Øvre Strandgate, en Gamle Stavanger

Øvre Strandgate, en Gamle Stavanger.

El viaje fue mucho menos complicado de lo que esperaba. Contra todo pronóstico, el único inconveniente serio lo tuve en Stavanger, donde se averió el barco que me llevaba al Lysefjord. También fue atípica la travesía en el Norröna, ya que tan solo hubo mala mar durante la primera noche, entre Dinamarca y los campos de petróleo del Mar del Norte. En cambio, la travesía de Tórshavn a Seyðisfjörður, a priori la más complicada, acabó siendo relativamente tranquila. En Islandia, tampoco encontré demasiados problemas con las carreteras. Por supuesto, tuve que atravesar numerosos kilómetros con nieve o hielo, en alguna ocasión a la zaga de una máquina quitanieves. Pero tan solo en las pistas que conducen a los acantilados de Krisuvikurbergal, en el sur de Reykjanes, o al faro de Öndverðarnes, en el extremo noroeste de Snæfellsnes, fui incapaz de llegar al destino.
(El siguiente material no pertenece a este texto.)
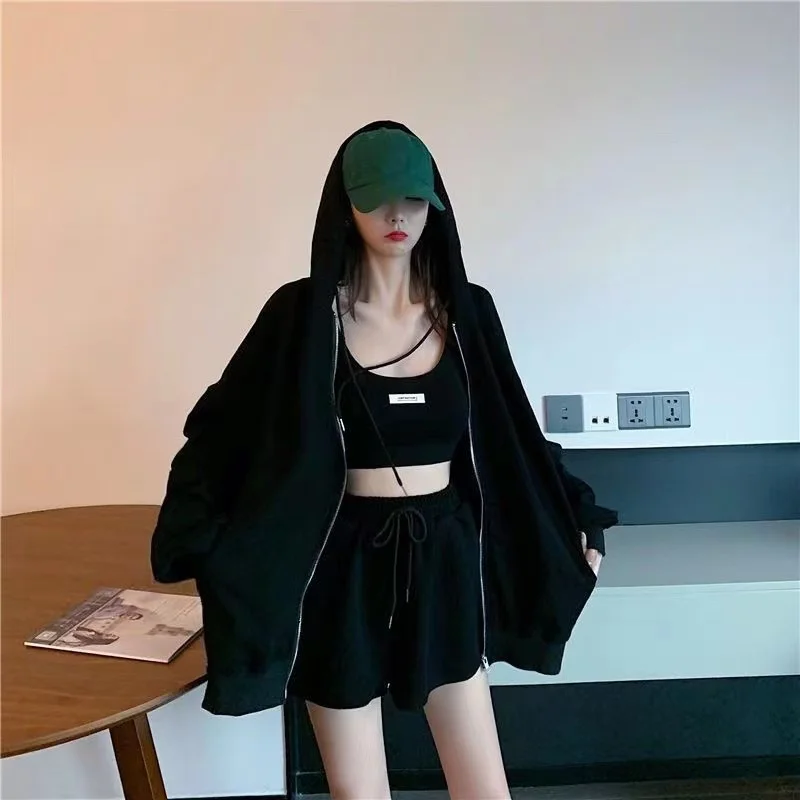 Casual Shorts Three 3 Piece Sets Women Vest Drawstring Shorts Hooded Zipper Jacket Sportswear Suits Female Solid Sports Hoodie plus size loungewear sets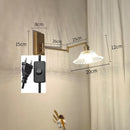 Helnys Glass LED Wall Sconce Adjustable Arm Bedroom Living Room Lamp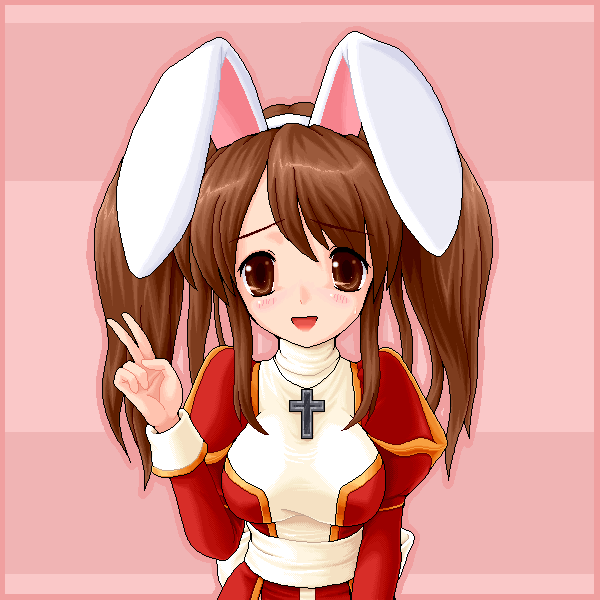 animal_ears, asahina_mikuru, cosplay, cross, crossover, high_priest, high_priestess, oekaki, rabbit_ears, ragnarok_online, suzumiya_haruhi_no_yuuutsu, v, yuuki, yuuki_(silent_moon)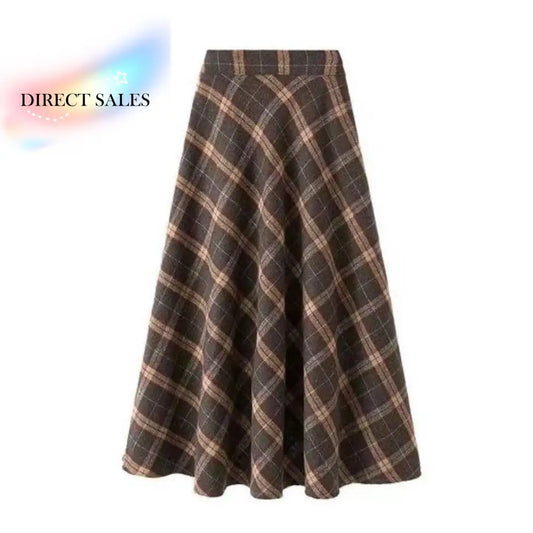 High Waist Retro Plaid Skirt Slim Fit Winter Autumu High Waist Long Skirt Preppy Style Aesthetic A-line Half Dress Girls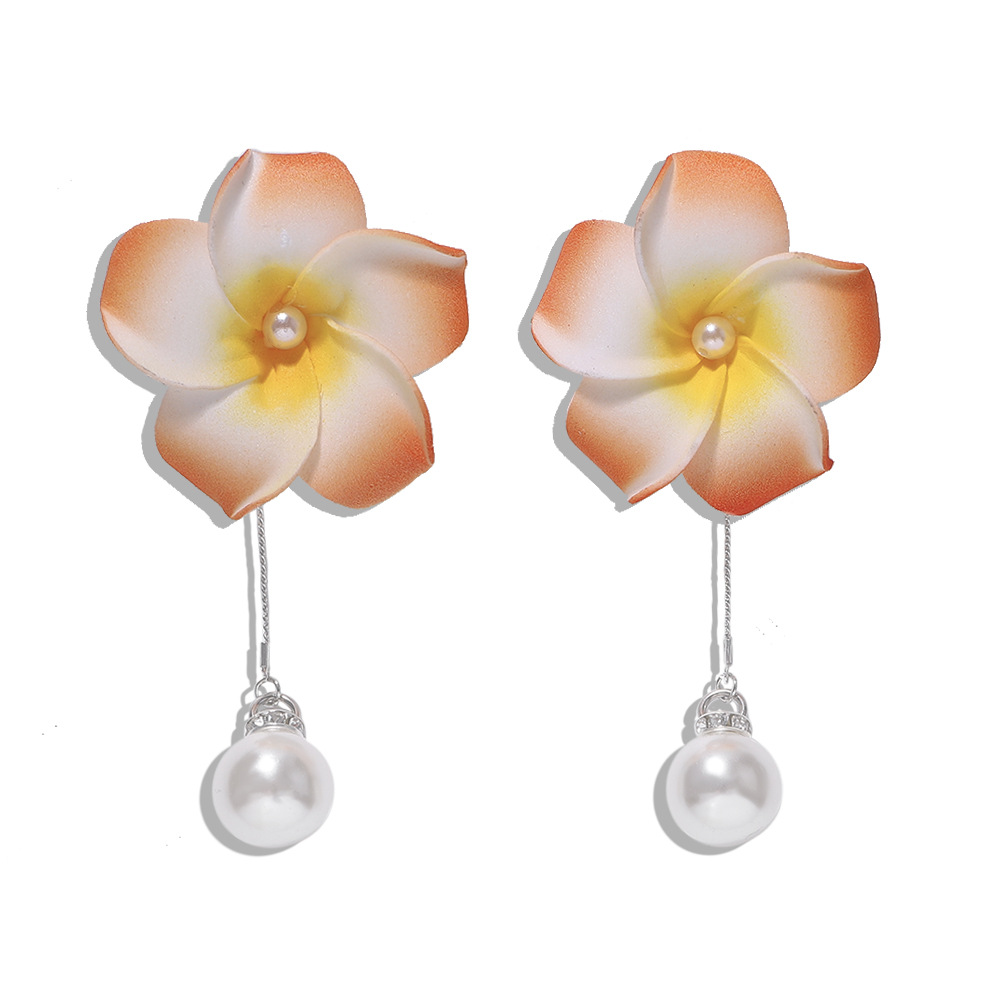 Explosion Models Flower Pearl Earrings New Earrings Passion Romantic Jewelry Accessories display picture 7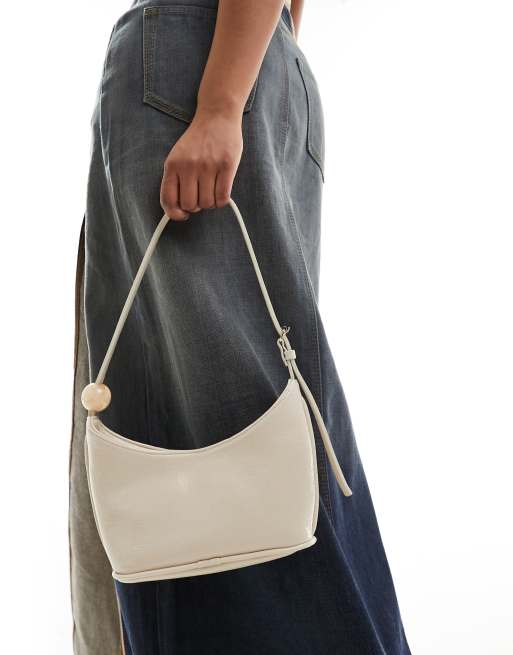 ASOS DESIGN shoulder bag with resin ball detail strap in cream | ASOS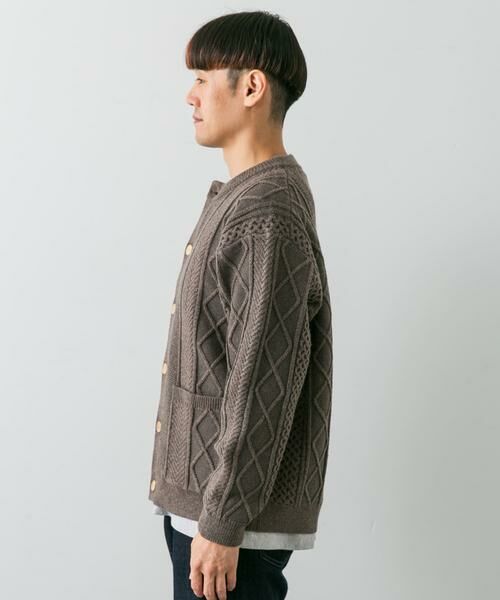 URBAN RESEARCH DOORS / アーバンリサーチ ドアーズ カーディガン・ボレロ | アラン編みクルーネックニットカーディガン | 詳細9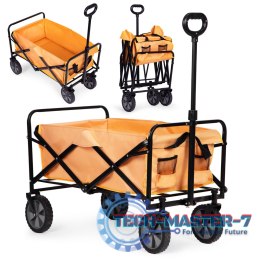 Wózek transportowy składany duży wózek ogrodowy plażowy pomarańczowy 47x105 cm MultiGarden MULTI GARDEN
Sveinstekksfoss en invierno

Sveinstekksfoss en invierno.

También fue mucho más interesante. Ya conocía Noruega en invierno, por lo que, más o menos, sabía lo que iba a encontrar. Pero Islandia me dejó literalmente sin palabras. Solo había estado en la isla durante el verano. Me había parecido un país tan bello como asombroso, al que tenía ganas de regresar. En invierno me dejó sensaciones difíciles de describir. Es cierto que, en algunos lugares, la nieve oculta algunas de sus características peculiares, como las cambiantes tonalidades del terreno, algunas formaciones de lava o los campos cubiertos de musgo. Además, es casi imposible visitar sus fascinantes Tierras Altas y los días son relativamente cortos. A cambio, se gana el contraste entre sus oscuras piedras volcánicas y el manto blanco que las cubre. Y las playas negras, reducidas a una estrecha franja entre la nieve y la espuma del oleaje. Y los fenómenos geotermales, más extraños todavía en un entorno gélido. Y las cascadas, donde el hielo y el agua se mezclan para crear formas imposibles. Y la sutil luz de los largos amaneceres y los igualmente prolongados atardeceres. La lista sería interminable. Hasta el mero hecho de conducir, a menudo recorriendo una estrecha y zigzagueante banda negra en medio de un paisaje blanco, tan impresionante como inmaculado, es todavía más agradable que en verano. Tan solo me fallaron las auroras boreales. En eso, no tuve suerte.